La verdad es que daba pena ver a César Rincón convertido en un desastrado pegapases. Le ha absorbido esta mala moda del pegapasismo en la que andan metidos casi todos. También Manuel Caballero, parece mentira. Y se dice con la insatisfacción que ocasiona el desencanto. Porque tiene condiciones toreras y ahí estaba su oportunidad. Cuando ligó una barroca teoría de revoleras juntas las zapatillas recordó su época de novillero, en la que barrió el escalafón, abrió las puertas grandes de cuantas plazas pisaba y se le veía candidato a ocupar unos de los principales puestos de la torería.
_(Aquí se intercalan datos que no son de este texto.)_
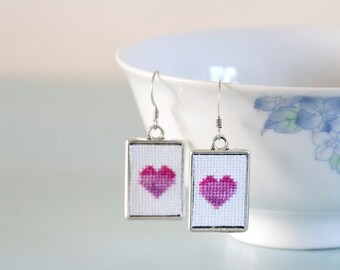 CLEARANCE - Pink Cross Stitch Heart Earrings - Purple Embroidered Rectangle Frame Jewellery Valentine's Day Gift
Pero fue sólo una intuición fallida, acaso un espejismo, pues muleta en mano, y con toro pastueño delante, no se le ocurrió cruzarse, embarcar, templar, ligar como mandan los cánones. Antes al contrario, metía pico, descargaba la suerte, convertía en destajo lo que debería ser arte del toreo.

Ni siquiera pudo tener desquite en el sexto toro a causa de la invalidez del animal. Se desplomaba ese toro al salir de un puyazo y el presidente sacó raudo el pañuelo para cambiar el tercio. Ya había devuelto al corral dos toros y, por lo que pareció, eludía el compromiso de hacer lo propio con el tercero. Al presidente se le vio el plumero, dicho sea sin ánimo de molestar.

En el fondo habría que agradecérselo porque aquello no tenía remedio. Parecía imposible que a Ponce le sacaran un toro íntegro. Los dos de su lote y los sobreros estaban absolutamente inválidos; por algo será. Y vino después el de Manuel Caballero -que es torero de la casa- con los mismos males.

Sí, era preferible acabar de una vez con aquel tostón, salir huyendo y no volverse a acordar ni del presidente, ni de la empresa, ni de los adocenados diestros aquellos, ni de este espectáculo fraudulento y hortera, ni de la madre que lo fundó.